Specifically, the number between the stub file of tape can be derived according to described stub file concentration Determine described stub file subset according to block shared relationship, it is also possible to by described stub file concentrate to derive to The preservation order of the stub file of tape determines stub file subset, if stub file finally determined The total amount of data in collection and the sub-single-instance storehouse corresponding with described stub file subset is not more than a magnetic The capacity of band.So can ensure that a tape is one and heavily deletes territory, say, that can ensure that original literary composition The stub file of part and single-instance storehouse at same tape, read from tape original document time Wait, only need to load a tape and just can complete.
Step S220, derives described stub file subset and described sub-single-instance storehouse to a magnetic Band.
Step S230, it is judged that whether described stub file collection includes not yet deriving the stub file to tape.
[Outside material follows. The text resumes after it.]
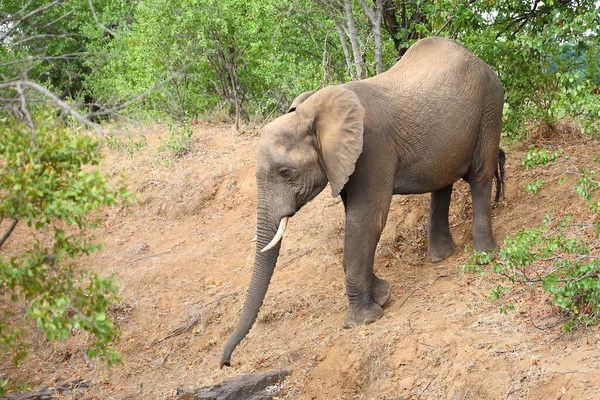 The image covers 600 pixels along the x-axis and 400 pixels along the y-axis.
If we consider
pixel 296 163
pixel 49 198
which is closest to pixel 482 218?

If including, repeated execution of steps S210 and step S220, until the counterfoil literary composition that described stub file is concentrated Till part is all exported to tape, if do not included, the file of the embodiment of the present invention exports to the stream of tape Journey terminates.
So, by by with heavily delete stub file corresponding to original document that the form of data preserves and The data block that the finger print data of this stub file is corresponding derives to a tape, according to the present embodiment by literary composition Part exports to the method for tape can be still heavily to delete the form preservation original document of data characteristic, namely Say and maintain the value that data are heavily deleted, saved the memory space of tape, and by ensureing that heavily deleting territory exists In same tape, it is ensured that fast quick-recovery also reads original document.
Embodiment 2
Fig. 3 illustrates the method flow diagram that file exports to tape according to another embodiment of the present invention, Fig. 3 The assembly that middle label is identical with Fig. 2 has identical function, for simplicity's sake, omits these assemblies Describe in detail.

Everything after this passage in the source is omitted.